December 28, 2017. Cleveland is in a deep freeze. It seems to have come about a month early this winter. The weather service forecasts the cold spell to run for at least another week. I am driving through icy, slushy streets. But it’s mostly sunny, though by the rays of a low-arching winter sun. I see one car that looks like it has just been washed. The rest have a road salt glaze.
I am driving from a Target store to the next stop on my shopping run. The shoppers at the store seemed fairly cheerful. A family went by, the children chattering. A boy, guided by his father, had found a good toy for his Christmas money. A man walked in front of me, and said, “Excuse me.” A floor clerk directed me to the perfume department, and called ahead to have another clerk meet me there. The other clerk researched and found that the store didn’t carry what I was looking for, but that it was available on Amazon. These are Americans, my people. We live in “the land of the free.”
I am driving on the Interstate, further into the city. I think about some of the ways our freedom is threatened by the Trump Administration. For instance, just two weeks ago Trump’s FCC ordered away our internet freedom, giving total control of your connection to your ISP. Under the order, which repeals net neutrality, the information you can get or post will be at the pleasure of the ISP. Another threat to freedom is war, when the powers that be beat the drum for the populace to abandon their pursuits and line up behind the president. Trump’s over-the-top saber rattling, his downgrading of the State Department and diplomacy, his support of Saudi Arabia’s genocidal attack on the Houthis in Yemen, with little doubt, make more war more likely. Another threat to freedom is in the ignorance or denial of science. The Trump administration — criminally, to my mind — fights climate change science, and strives for more fossil fuel burning. And it is withdrawing from the Paris Climate Agreement, the foremost worldwide effort to zero-out greenhouse gas release. As our warmer planet produces greater and greater calamities, the nation — and the world — must turn to relief and recovery, rather than progress in infrastructure and the general welfare.

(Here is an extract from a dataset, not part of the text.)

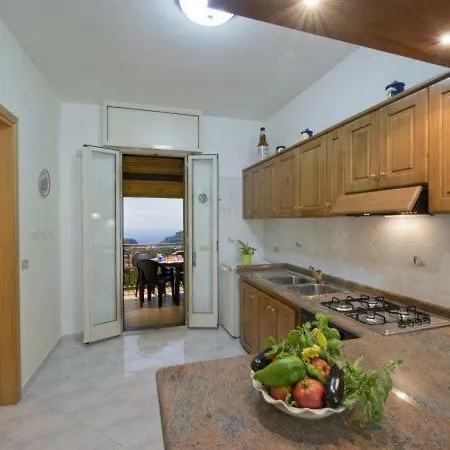 Appartement Sleeps 4 *
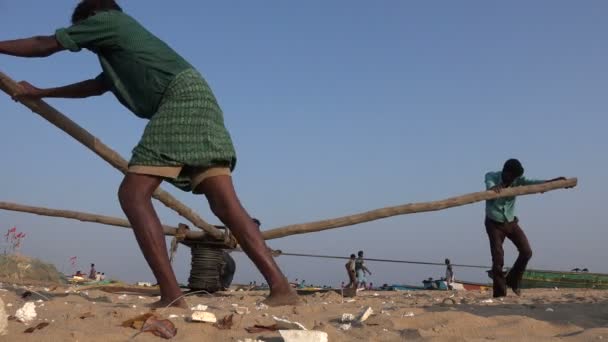 Fishermen pull in a fishing boat — Stock Video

I exit the freeway, go up the ramp and come to a stop. Across the street I notice, for the first time, a sign for the municipality of Linndale. I had only known Linndale for the notorious speed trap it had run for many years on the quarter-mile or so stretch of freeway that ran through it. Now, I see Linndale as a real place. I read the rest of the sign:
Through knowledge … peace.
I guess that’s the motto of this tiny village. But, wouldn’t it be a good one now for the whole nation? “E pluribus unum,” and “Through knowledge peace.”

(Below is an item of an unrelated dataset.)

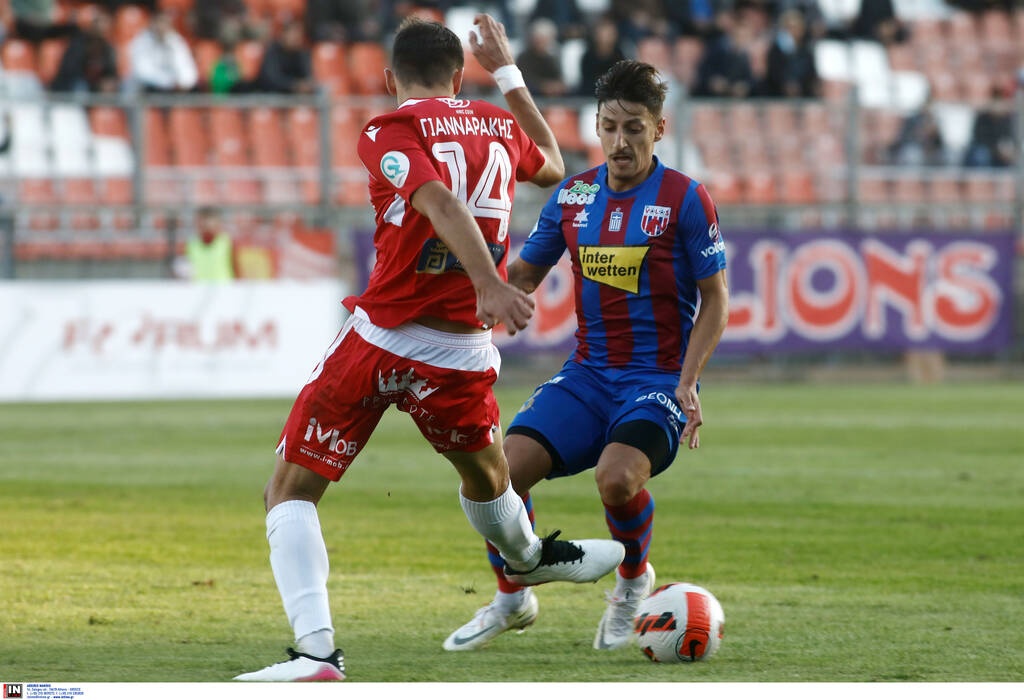 Πικάρισμα στο Βόλο στις Σέρρες με πανό στις εξέδρες (photos)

The Linndale Peace Memorial stands at the end of the Avenue of Peace, the longest street in Linndale, population 179.
Monument to war dead by Savo Savich. Inscribed “Through Knowledge Peace,” “Peace to Mankind,” and “Peace on Earth.” At time of dedication (in 1975), Linndale’s main street was renamed Avenue of Peace.
Ohio Outdoor Sculpture Inventory:
The 9-foot high statue is cast in bronze and standing on a 6-foot high pedestal. The front of the pedestal reads, “Through Knowledge Peace.” Standing on a globe is a young soldier who has thrown his gun under his feet. Holding high the book of knowledge he was reading, a dove flies out with an olive branch of peace. On the globe, through clouds is the history of mankind’s warfare, from sticks and stones , through spears and cavaliers, to guns and bombs. An adjacent wall is shaped as an open book with plaques inscribed with the names of soldiers killed in Vietnam. On the front is inscribed “Peace to Mankind” and “Peace on Earth.” (“Peace Memorial,” Ohio Outdoor Sculpture Inventory, accessed December 31, 2017)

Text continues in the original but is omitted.